After completing his PhD in 1952 in London, he returned to Makerere as a member of East African Institute of Social Research. During his years at Makerere, he obtained a UNESCO fellowship which slowly contributed to the expansion of his notability and connection through a visit to the United States. There, he encountered other influential researchers, including sociologist Talcott Parsons, who influenced Southall in developing an appreciation for Max Weber's work. As it reflected in his publications, there was a gradual shift in Southall's theoretical position as he began adopting more Marxist views.

Southall became professor of Sociology and Social Anthropology a department he designed from the Social Studies courses, was Social Sciences Faculty Dean (1963-4), and Chairman of the East African Institute of Social Research (1957–64) at Makarere University college which became part of the University of East Africa in 1963 and independent in 1970. He taught briefly at the University of Chicago and University of California, before moving to Syracuse University (1964-69). From 1969 to 1991 he was at the University of Wisconsin-Madison with periodic teaching and research breaks at Makerere University, University of Cape Town and Semester at Sea. He became professor emeritus in 1990.

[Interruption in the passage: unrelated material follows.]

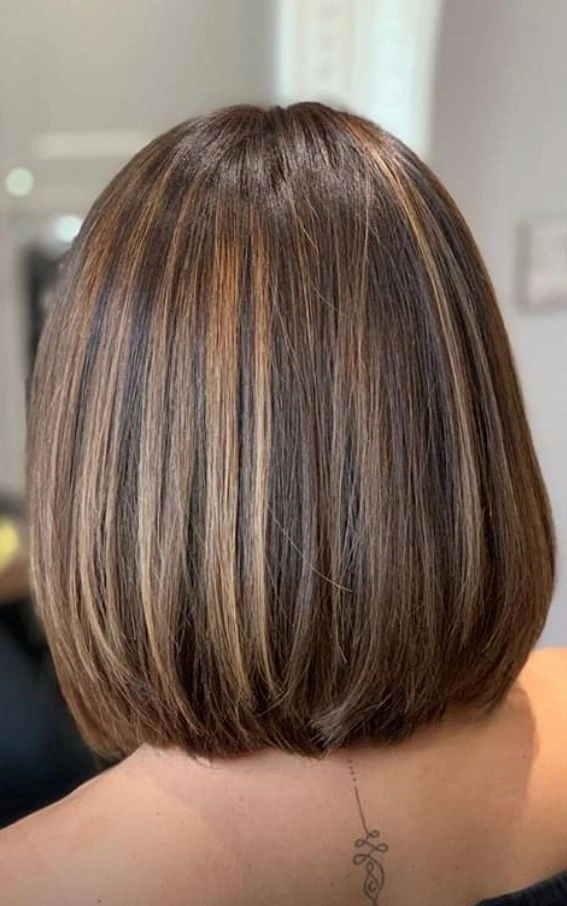 Casual hairstyle idea featuring a simple bob for quick morning styling Woman with a sleek low maintenance bob hairstyle perfect for busy mornings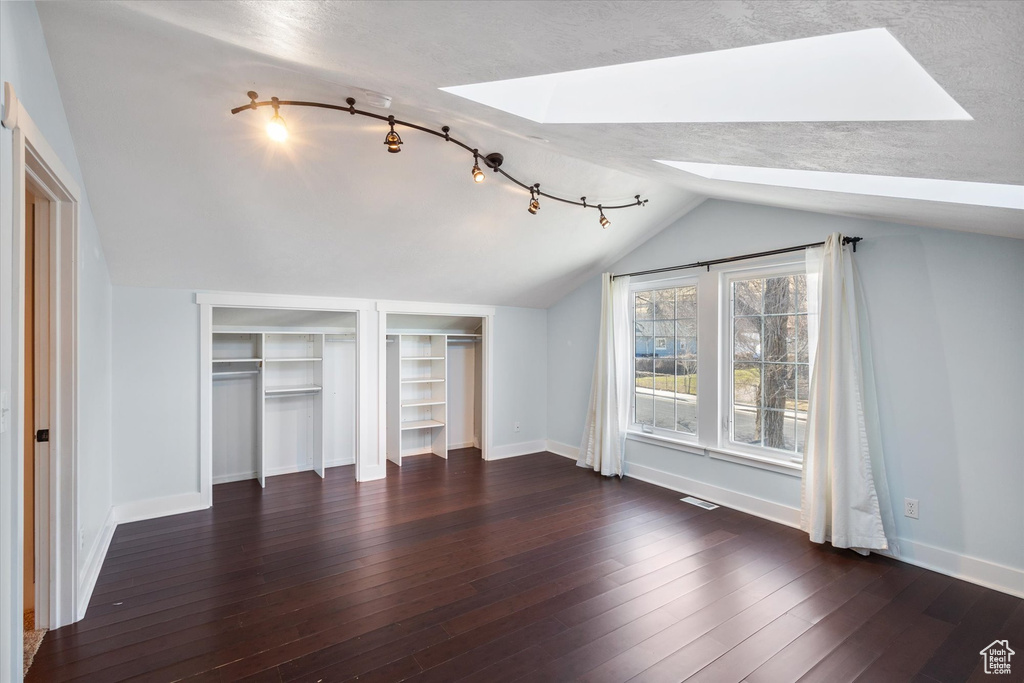 Unfurnished bedroom featuring baseboards, lofted ceiling with skylight, hardwood / wood-style flooring, and multiple closets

His extensive fieldwork and research, enabled Southall to become fluent in French, East Africa western Nilotic languages and several Bantu languages of Uganda and the trade language Kiswahili widely used in The Congo, Kenya, and Tanzania (where it was adopted as the national language).

He was a founder member of the East African Academy, and served as 27th president of The Uganda Society and editor its journal (1959-1960).

His association memberships included: the Royal Anthropological Institute of Great Britain and Ireland, the International African Institute, the American Anthropological Association, the Association of Social Anthropologist of the Commonwealth, the African Studies Association (UK), the International Commission of Urban Anthropology and served on the editorial board of Urban Anthropology journal, and the African Studies Association (USA) serving as Board of Director member and President. He was a member of the editorial boards of the Journal of Colonial HIstory (1992-2000).

==Work==
For his doctoral dissertation, Aidan Southall wrote Alur Society: A Study in Processes and Types of Domination (1956), which dealt with political structures among the Alur people of Northwest Uganda. He carried out anthropological fieldwork among the Alur people for approximately two years between 1949 and 1952. Southall described a continuous process of political and cultural domination, done almost entirely without the use of force.

His next publication was Townsmen in the Making: Kampala and its Suburbs (1957), featuring two specific reports that were developed as part of a general study of African life in greater Kampala, Uganda. Examining such issues as land, housing, economic activity, and marriage, Southall drew upon the survey results for specific information while also supplementing quantitative data with qualitative material and anecdotes.

As Aidan Southall grew more experienced in observing urban systems, he released Social Change in Modern Africa (1961), which contained the proceedings of the First International African Institute Seminar at Makarere, a Kampala school where he taught. This seminar and publication speculated about how complex social systems should be studied.

"The Illusion of the Tribe" was published in 1970 in The Passing of Tribal Man, edited by P.C.W. Gutkind, and reprinted in 2010 in Perspectives on Africa: A Reader in Culture, History, and Representation.

Southall later published a collection of papers, originally presented at the Wenner-Gren seminar of 1964, about cross cultural similarities in the urbanisation process. This collection of papers was titled Urban Anthropology: Cross Cultural Studies of Urbanization (1973) and attempted to identify and characterise significant issues in urban anthropology.

Later that decade, Southall published a collection of essays entitled Small Urban Centers in Rural Development in Africa (1979). His essays are broken down in different categories, the first of which represented the social and anthropological perspective. Other essays took historical or political viewpoints, followed by economic case studies, and finished with an argument about whether their findings are conceptual or theoretical in nature.

Southall coedited with Peter j. M. Nas and Ghaus Ansar City and Society: Studies in Urban Ethnicity, Life- style and Class in 1985. Papers expressed the diversity, hetergeneity and vitality of urban research.

In 1986 with Conrad Philip Kottak, Jean-Aimé Rakotoarisoa and Pierre Vérin, southall coedited Madagascar: Society and History. It was a collection of sympsium papers on Human Adjustment in Time and Space in Madagascar supported by the Wenner-Gren Foundation for Anthropological Research.

Aidan Southall's next big published work, in conjunction with Greg Gulin, was entitled Urban Anthropology in China (1993). This text originated at the First International Urban Anthropology Conference in China in December 1989, after being postponed and put on hold many times. This collection of essays involves Chinese urban ethnicity, finished off by Chinese urban culture and life cycles.

His final book was The City in Time and Space (2000), written about cities on a grand scale. Having studied urbanisation his entire life, this book was an overview of what he believed the life process to encompass. The book starts off as a survey of implications, varying across time and space, of demographic, social, cultural, political, and economic concentration for society as a whole.

According to social anthropologist Ray Abrahams:

Despite the range and undoubted importance of so many of his works, Aidan's impact on his fellow anthropologists was more diffuse than that of some more prominent British figures, partly because he worked outside the boundaries of major "schools" in Cambridge, Manchester and Oxford. The Marxist theoretical position he adopted became less fashionable, and the grand scope of his last book was almost "an impossible act to follow".